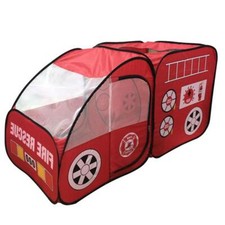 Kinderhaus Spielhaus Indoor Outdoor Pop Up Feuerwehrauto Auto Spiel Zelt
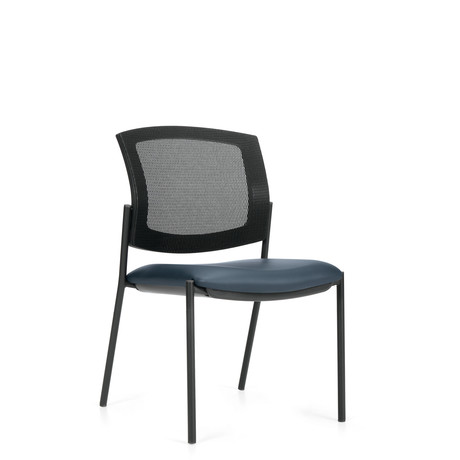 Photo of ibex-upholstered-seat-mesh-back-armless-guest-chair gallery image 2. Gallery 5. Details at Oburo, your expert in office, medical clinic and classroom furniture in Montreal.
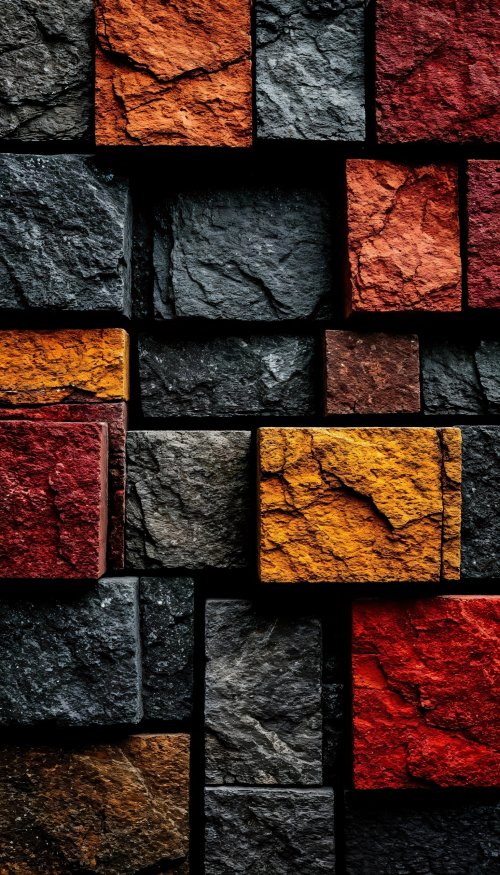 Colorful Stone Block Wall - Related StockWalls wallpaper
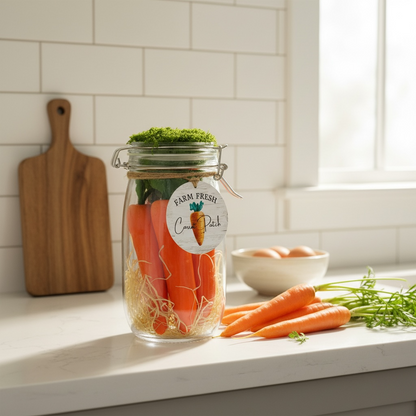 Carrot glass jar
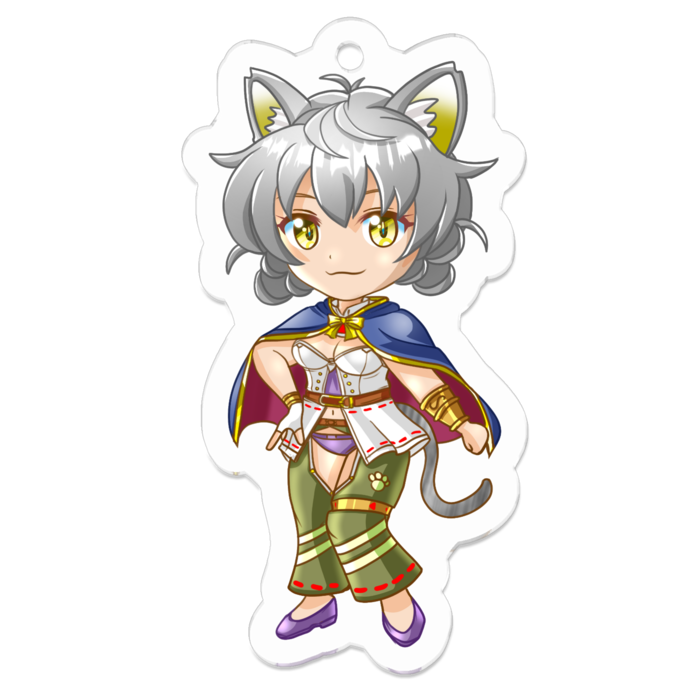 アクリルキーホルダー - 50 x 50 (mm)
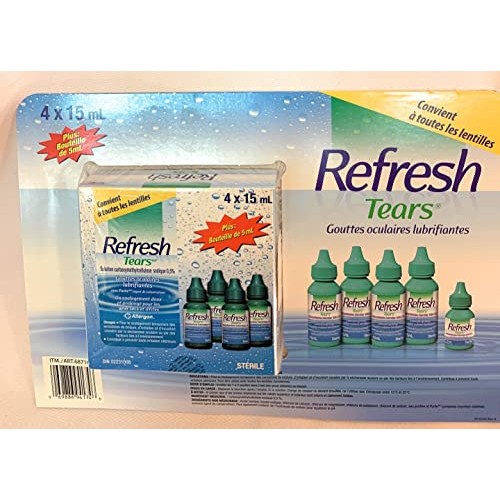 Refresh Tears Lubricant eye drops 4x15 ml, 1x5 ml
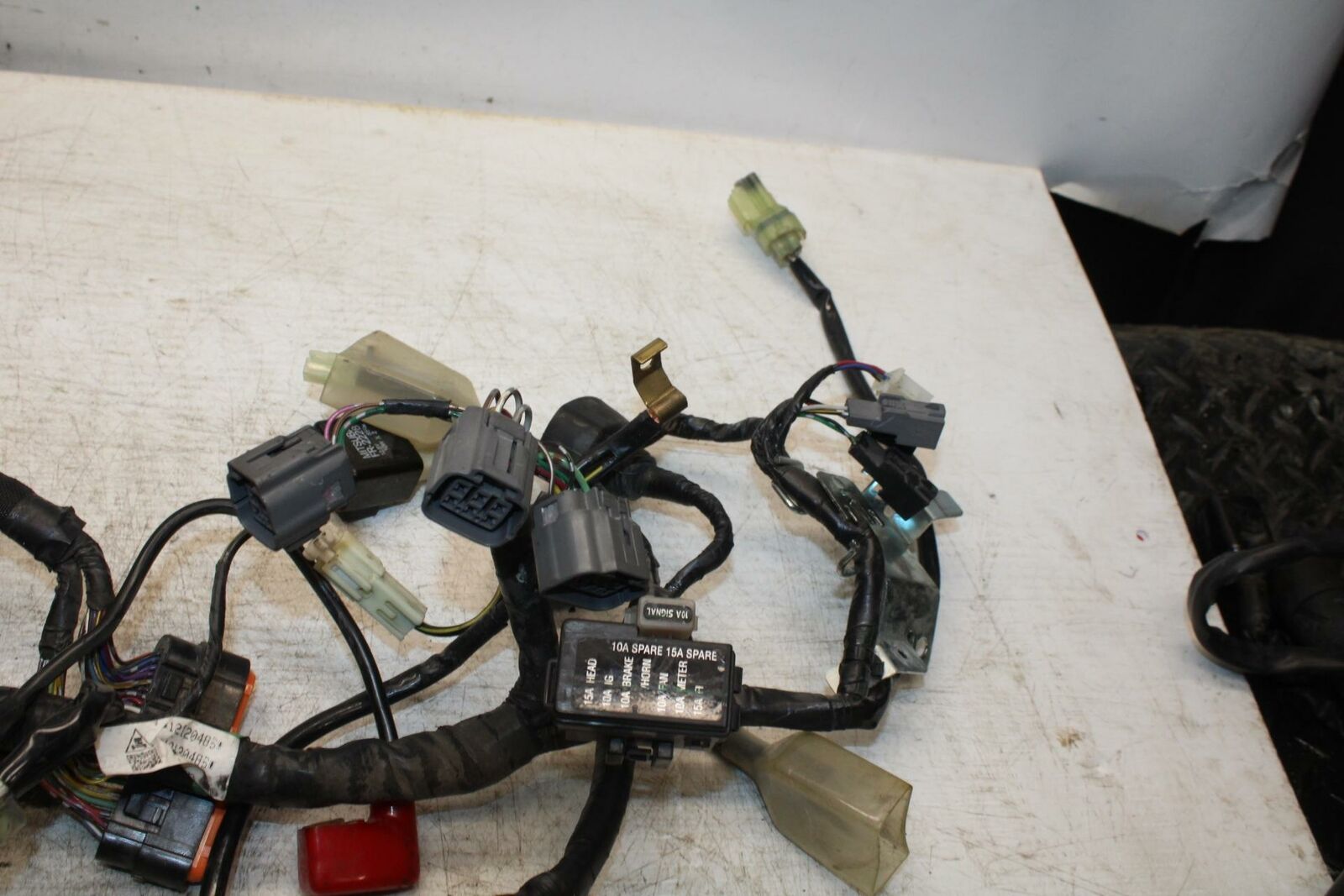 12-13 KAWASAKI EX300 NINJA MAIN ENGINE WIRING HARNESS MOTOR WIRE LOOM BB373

◇ ◇ ◇ ◇ ◇

What you will do:
Looking at the listing above, which lines run from the one containing "Photo of ibex-upholstered-seat-mesh-back-armless-guest-chair" through the one containing "Carrot glass jar"? Print exactly those, ends included, pictures excluded.

Your solution:
 Photo of ibex-upholstered-seat-mesh-back-armless-guest-chair gallery image 2. Gallery 5. Details at Oburo, your expert in office, medical clinic and classroom furniture in Montreal.
 Colorful Stone Block Wall - Related StockWalls wallpaper
 Carrot glass jar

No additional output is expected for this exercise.